The Axis failure to eliminate the threat from Malta would have many consequences. The ability of the RAF to deploy Bristol Beaufort torpedo bombers from 39 Squadron and Wellingtons from 69 Squadron, coordinated with the submarines, proved decisive when on 30 August a relief convoy destined for Tobruk was ambushed and three vessels were sunk. Then the San Andrea, a tanker laden with 3,198 tons of fuel for Rommel, was sunk. Increasingly desperate, the Germans assembled another convoy of nine ships, but it too was betrayed by ULTRA and five were sunk. In these circumstances, on 1 September, the Afrika Korps began its long retreat from El Alamein, in vehicles dependent on Luftwaffe fuel, thus making air protection from Albert Kesselring impossible. Further losses meant that during the first week of October, at an absolutely critical moment in the conflict, two tankers were destroyed, and the DAK received not a drop of gas.

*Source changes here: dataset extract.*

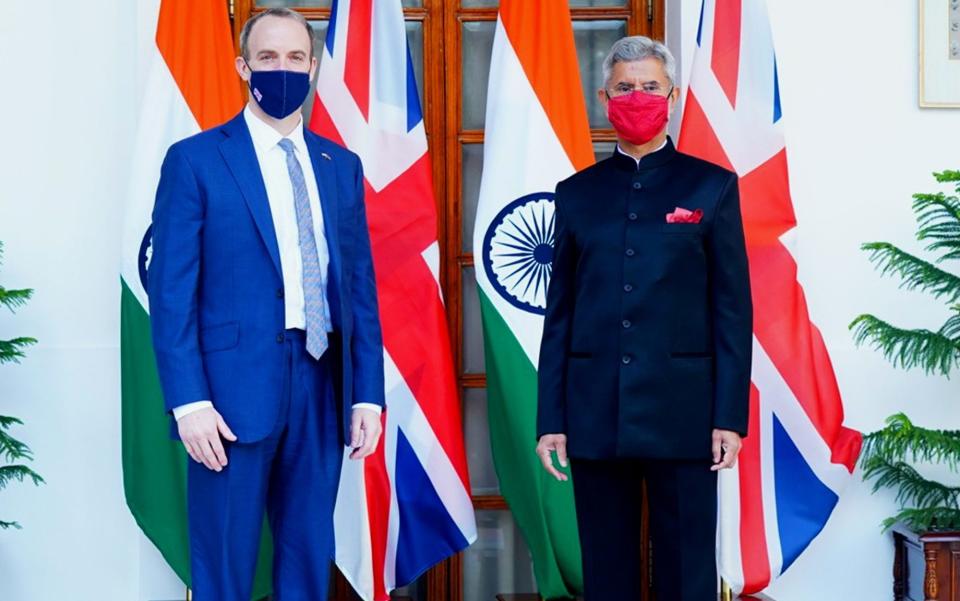 DELHI, INDIA - DECEMBER 15: (----EDITORIAL USE ONLY - MANDATORY CREDIT - "INDIAN GOVERNMENT / HANDOUT" - NO MARKETING NO ADVERTISING CAMPAIGNS - DISTRIBUTED AS A SERVICE TO CLIENTS----) India's Foreign Minister Subrahmanyam Jaishankar (R) and British Foreign Secretary Dominic Raab (L) pose for a photo during their meeting, in New Delhi, India, December 15,2020.  - Indian Government via Getty Images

During September 1942 the DAK took delivery of only 24 per cent of the 50,000 tons of supplies required each month to sustain the offensive. In that same month 33,939 tons of Axis shipping, mainly destined for Tripoli, was sunk.
In a prelude to the main offensive, Rommel attempted, at the end of August 1942, to break through the British defences at El Alamein to reach Alexandria, Cairo, and the Suez Canal, but his plans had been compromised by ULTRA. Instead of taking Montgomery by surprise and sweeping through relatively weak lines, many of Rommel’s 203 tanks unexpectedly found themselves in a minefield sown with 18,000 mines and attacked from the air at night under the light of parachute flares. Worse, Rommel had gambled on the imminent arrival of six ships from Italy loaded with fuel and ammunition, but ULTRA had identified the vulnerability, and four of the merchantmen were found and sunk, and while the battle raged, the last two tankers, the San Andrea and the Picci Fascio, were destroyed as they approached Tobruk. After six days of intense fighting, in which the DAK lost thirty-eight tanks and 400 trucks, Rommel began to withdraw, blaming the failure on a leak from the Italians.

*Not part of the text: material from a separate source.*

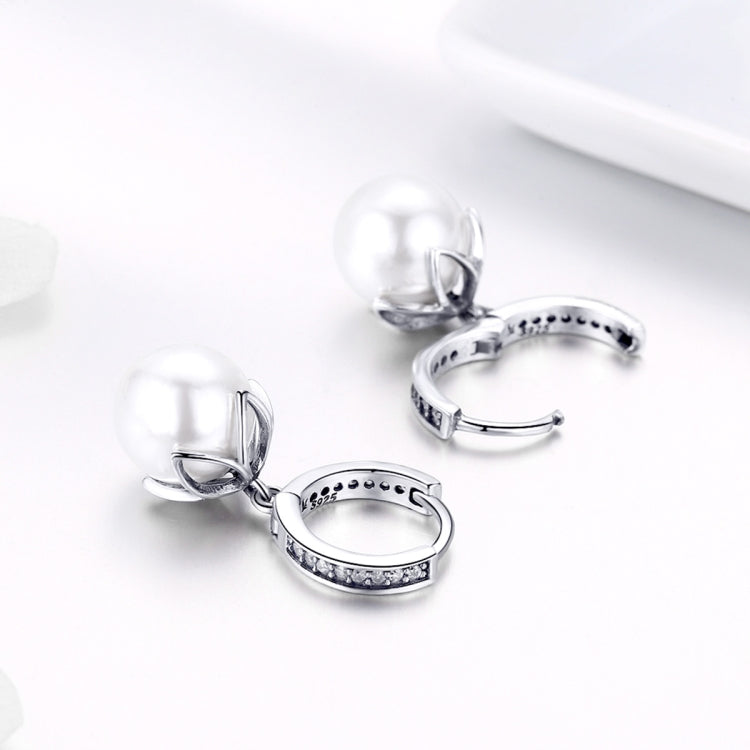 Silver hoop earrings with round shell bead and pavé accents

By the time the British offensive at El Alamein began on 23 October, ULTRA had revealed the extent of the DAK’s plight, and on 25 October three tankers and one other merchantman were given a heavy escort and air cover, as learned from ULTRA, and another aerial ambush was prepared three days later, which resulted in the loss of three more tankers. Altogether the depleted DAK lost 44 per cent of its supplies in October, representing an increase of 24 per cent over September.

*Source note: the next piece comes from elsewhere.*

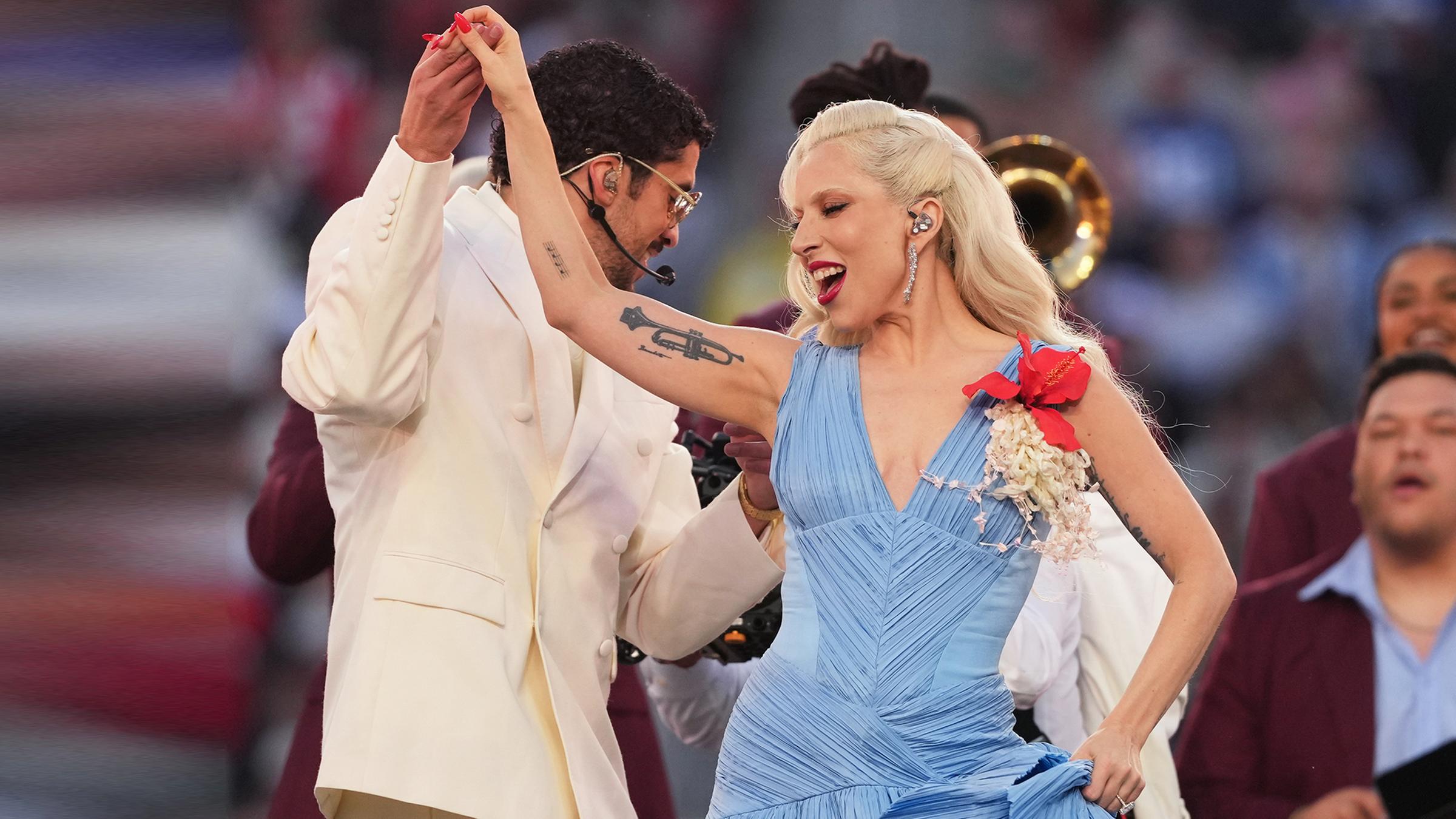 Lady Gaga tritt in der Halbzeitpause beim Superbowl in einem hellblauen Kleid neben Bad Bunny auf.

When Montgomery counter-attacked in October, Rommel was caught off guard and, short of fuel and ammunition, lost most of his tanks to new Allied weaponry. Overestimating his adversary’s strength and down to his last thirty-two tanks, Rommel led his 70,000 men on a long retreat 800 miles across the Libyan desert, constantly harassed by the 8th Army and the Royal Air Force.
The options for the pivotal role in RAYON to be played by CHEESE (referred to as LAMBERT) were set out in a proposal dated 29 September 1942:
1. LAMBERT’S friend (the BGM) meets a Polish officer in Cairo on a mission from Syria who says that the British seem anxious about the Russian threat and that there has been a large increase in the British troops in General Wilson’s command.
2. LAMBERT meets a friend recently returned from Alexandria via the desert route who says that there is a marked decrease in military traffic on that road since his last visit in August. He reports many Greek soldiers in Alexandria and gathered from a Greek officer that they were destined for Crete.
3. LAMBERT’S Greek merchant friend on his return from Aleppo reports seeing large troop movements by road in Syria and by road and rail in Palestine towards the North and the North East. He saw many tanks in the coastal plain in Palestine and US Airforce in Palestine and Syria.
4. The American officer back on leave does not speak of a British offensive but indicates that the British are consolidating their defensive lines. He has not heard of any new formations arriving with 8 Army and says that the British are keeping a wary eye on the Russian situation.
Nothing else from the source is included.